Canadian Housing Market Update: October 2025
There was hope that the Bank of Canada’s September 17 interest rate cut would provide a little juice for the housing market, powering it to another month of increased home sales.
But sales dipped 1.7% versus August, resulting in the first monthly decrease the market has experienced since April. Sales dropped in several major cities: Vancouver, Calgary, Edmonton and, significantly, Montreal, one of the country’s hottest markets this year.
Even though the monthly slide in sales amounted to fewer than 600 transactions nationwide, it still affected most provinces. Those that enjoyed increased sales — Manitoba and Saskatchewan — offer some of the cheapest real estate in Canada. That’s probably not a coincidence.
It’s possible that September’s decline could be a blip. It’s also possible that a convergence of factors is beginning to throttle demand: high consumer debt levels, household budgets stretched past the breaking point and uncertainty about the state of the economy. If that’s the scenario we’re in, sales will likely keep declining.
Having said all that, zooming out a little shows a slightly sunnier picture.
On a year-over-year basis, sales were up 5.2% versus September 2024. That’s not a blow-your-hair-back kind of increase, but it’s notable when you consider how much dicier the economy is today than it was a year ago.
Prices, unemployment and economic uncertainty have all increased this year, giving home buyers plenty of reason to hit pause. But year-to-date, home sales in Canada are only down 0.8% compared to the first nine months of 2024.
That’s resilience. And in the current economic environment, resilience is victory.

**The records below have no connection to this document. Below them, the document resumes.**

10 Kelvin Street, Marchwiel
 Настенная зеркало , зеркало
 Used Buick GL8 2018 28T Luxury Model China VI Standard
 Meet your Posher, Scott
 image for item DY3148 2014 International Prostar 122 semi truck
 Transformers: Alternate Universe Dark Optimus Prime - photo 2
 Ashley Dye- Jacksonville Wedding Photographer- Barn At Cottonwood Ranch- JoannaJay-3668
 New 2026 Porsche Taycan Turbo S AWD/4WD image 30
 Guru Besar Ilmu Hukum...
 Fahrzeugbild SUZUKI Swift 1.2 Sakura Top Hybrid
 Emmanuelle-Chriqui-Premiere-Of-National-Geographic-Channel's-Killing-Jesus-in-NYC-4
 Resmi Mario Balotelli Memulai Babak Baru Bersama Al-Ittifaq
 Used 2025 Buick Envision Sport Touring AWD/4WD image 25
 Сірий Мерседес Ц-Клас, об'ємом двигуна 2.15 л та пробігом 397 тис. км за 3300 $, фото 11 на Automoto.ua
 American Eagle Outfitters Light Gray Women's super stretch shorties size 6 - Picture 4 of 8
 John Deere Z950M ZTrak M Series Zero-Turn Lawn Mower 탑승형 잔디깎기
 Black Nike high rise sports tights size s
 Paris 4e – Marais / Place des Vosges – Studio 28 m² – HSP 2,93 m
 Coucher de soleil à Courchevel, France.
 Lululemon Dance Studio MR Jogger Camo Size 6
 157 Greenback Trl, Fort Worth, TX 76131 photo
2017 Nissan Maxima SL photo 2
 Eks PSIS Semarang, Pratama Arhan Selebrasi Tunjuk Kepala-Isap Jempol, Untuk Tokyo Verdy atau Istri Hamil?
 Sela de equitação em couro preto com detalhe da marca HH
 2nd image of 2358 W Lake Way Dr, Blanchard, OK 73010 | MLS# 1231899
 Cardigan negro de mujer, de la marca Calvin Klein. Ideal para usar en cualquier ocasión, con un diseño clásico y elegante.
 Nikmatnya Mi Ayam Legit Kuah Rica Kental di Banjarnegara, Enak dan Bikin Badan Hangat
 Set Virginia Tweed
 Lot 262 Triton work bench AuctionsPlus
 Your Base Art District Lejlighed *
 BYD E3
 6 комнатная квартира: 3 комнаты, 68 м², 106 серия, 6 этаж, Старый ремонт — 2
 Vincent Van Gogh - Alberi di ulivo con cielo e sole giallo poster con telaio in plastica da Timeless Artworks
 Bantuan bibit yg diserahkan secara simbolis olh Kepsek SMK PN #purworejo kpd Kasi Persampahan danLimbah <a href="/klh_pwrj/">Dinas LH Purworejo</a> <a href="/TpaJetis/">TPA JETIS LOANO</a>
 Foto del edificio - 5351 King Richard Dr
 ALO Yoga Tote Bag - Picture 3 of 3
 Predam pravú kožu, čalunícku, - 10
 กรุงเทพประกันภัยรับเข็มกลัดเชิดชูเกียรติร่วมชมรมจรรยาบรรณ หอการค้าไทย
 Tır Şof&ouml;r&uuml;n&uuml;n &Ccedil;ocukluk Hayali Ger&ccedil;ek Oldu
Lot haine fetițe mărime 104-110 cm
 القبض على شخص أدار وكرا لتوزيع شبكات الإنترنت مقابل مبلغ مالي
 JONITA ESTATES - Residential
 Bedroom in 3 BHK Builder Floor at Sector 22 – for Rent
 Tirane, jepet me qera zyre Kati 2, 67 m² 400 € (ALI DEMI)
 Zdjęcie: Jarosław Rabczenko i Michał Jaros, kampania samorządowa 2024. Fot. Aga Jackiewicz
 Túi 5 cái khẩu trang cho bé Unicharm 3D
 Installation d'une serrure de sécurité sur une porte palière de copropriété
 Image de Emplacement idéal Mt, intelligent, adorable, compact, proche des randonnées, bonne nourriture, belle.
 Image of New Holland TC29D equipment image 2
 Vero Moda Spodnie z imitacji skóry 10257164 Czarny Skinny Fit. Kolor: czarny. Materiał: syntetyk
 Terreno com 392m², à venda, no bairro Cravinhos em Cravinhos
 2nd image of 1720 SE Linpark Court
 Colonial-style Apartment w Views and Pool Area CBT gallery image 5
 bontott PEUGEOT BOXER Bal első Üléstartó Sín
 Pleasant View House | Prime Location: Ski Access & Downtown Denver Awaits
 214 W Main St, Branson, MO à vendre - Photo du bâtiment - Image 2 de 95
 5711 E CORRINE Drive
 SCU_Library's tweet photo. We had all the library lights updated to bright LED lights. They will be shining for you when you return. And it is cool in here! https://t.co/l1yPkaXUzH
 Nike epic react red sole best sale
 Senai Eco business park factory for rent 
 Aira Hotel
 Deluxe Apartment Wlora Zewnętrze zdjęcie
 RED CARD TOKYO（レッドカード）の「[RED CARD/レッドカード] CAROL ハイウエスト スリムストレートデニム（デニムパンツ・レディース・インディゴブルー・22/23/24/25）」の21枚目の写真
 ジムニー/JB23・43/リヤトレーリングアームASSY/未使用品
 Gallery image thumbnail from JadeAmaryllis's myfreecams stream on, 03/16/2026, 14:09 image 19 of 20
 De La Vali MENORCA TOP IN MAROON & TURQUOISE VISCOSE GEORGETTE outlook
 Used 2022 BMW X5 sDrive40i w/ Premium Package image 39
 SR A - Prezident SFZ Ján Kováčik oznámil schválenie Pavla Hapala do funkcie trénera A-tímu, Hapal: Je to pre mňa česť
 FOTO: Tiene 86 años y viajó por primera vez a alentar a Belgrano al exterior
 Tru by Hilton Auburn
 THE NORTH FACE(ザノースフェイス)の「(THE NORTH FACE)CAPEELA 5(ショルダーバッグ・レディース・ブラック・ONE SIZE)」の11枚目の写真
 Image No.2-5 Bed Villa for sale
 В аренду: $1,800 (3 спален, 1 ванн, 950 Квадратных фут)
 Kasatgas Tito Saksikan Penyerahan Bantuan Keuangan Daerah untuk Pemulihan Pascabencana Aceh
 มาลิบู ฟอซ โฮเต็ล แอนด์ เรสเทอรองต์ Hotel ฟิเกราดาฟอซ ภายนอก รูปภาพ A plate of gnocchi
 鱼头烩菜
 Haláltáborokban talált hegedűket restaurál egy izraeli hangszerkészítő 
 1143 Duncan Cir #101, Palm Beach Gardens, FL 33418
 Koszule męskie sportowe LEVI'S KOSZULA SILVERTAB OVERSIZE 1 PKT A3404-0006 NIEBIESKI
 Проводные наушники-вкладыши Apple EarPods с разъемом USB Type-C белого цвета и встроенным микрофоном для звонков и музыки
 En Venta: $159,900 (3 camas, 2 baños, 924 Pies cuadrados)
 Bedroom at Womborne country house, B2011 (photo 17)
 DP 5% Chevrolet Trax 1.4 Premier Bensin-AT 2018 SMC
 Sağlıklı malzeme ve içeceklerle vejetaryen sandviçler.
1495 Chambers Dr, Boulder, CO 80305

Provincial winners and losers
On a monthly basis, only Saskatchewan and Manitoba posted sales increases, and they weren’t exactly enormous: Saskatchewan’s 2.2% increase amounted to 34 sales, while Manitoba’s rise of 5.4% added up to 79.
The winner’s circle isn’t exactly crowded this month, so we’re granting an honourary inclusion to OntarioSales were down in the province, but only by 0.4%.
Buyers in Ontario, where the average sale price was almost $829,000 in September, face some of the highest home prices in Canada, and are on the front lines of the country’s trade war with the U.S.
But sales eked out minor increases in two of the province’s most expensive cities, Toronto and Hamilton, which we’ll deem a minor, short-term win. (Year-to-date, Ontario is still only one of three provinces where sales have fallen compared to 2024.)
Sales saw more pronounced monthly decreases in the following provinces:
New Brunswick (-5.6%).
Alberta (-4.9%).
B.C. (-2.2%).
Nova Scotia (-1.7%).
Newfoundland and Labrador (-1.6%).
Quebec (-1%).
Declines in provinces like B.C., Alberta and Quebec, where higher prices make qualifying for a mortgage more challenging under normal circumstances, should be expected in the current economic climate.
Decreases in affordable provinces like New Brunswick, Nova Scotia and Newfoundland might be more of a concern, especially if a downward trend is developing and Canadians aren’t able to afford homes that typically cost between $300,000 and $400,000.
Canadian home prices in September
Home prices were all over the place in September — which is good! A uniform cross-country decline in prices would signal widespread market distress.
Instead, the market’s behaving as it should: Prices are rising where demand is strong, and softening where it’s weak.
Here’s how prices behaved in some of Canada’s biggest housing markets. All percentages indicate year-over-year changes in the MLS Home Price Index benchmark price, the Canadian Real Estate Association’s preferred home price metric.
Greater Vancouver: $1,147,900 (-3.3%)
Calgary: $569,000 (-2.5%)
Edmonton: $419,900 (4.5%)
Winnipeg: $382,900 (5.1%)
Greater Toronto: $971,500 (-5.6%)
Montreal: $581,000 (6.4%)
Halifax: $567,000 (3.7%)
What’s next?
October might be similar to September in terms of sales: sluggish overall with a few bright spots. There just isn’t anything coming down the pike that’ll improve affordability or buyer sentiment.
Noticeably lower mortgage rates are weeks away at best. Variable rates won’t budge until at least October 30, the day after the Bank of Canada’s next interest rate decision. (It’s 50-50 whether the Bank will cut or not.) Recent activity in the bond market suggests fixed rates will stay near their current levels.
Unless the BoC shocks the market with a super-sized cut or bond yields suddenly plummet, rates won’t provide a solution for most prospective buyers. Their obstacles — debt, depleted savings and stifling everyday expenses — are here to stay.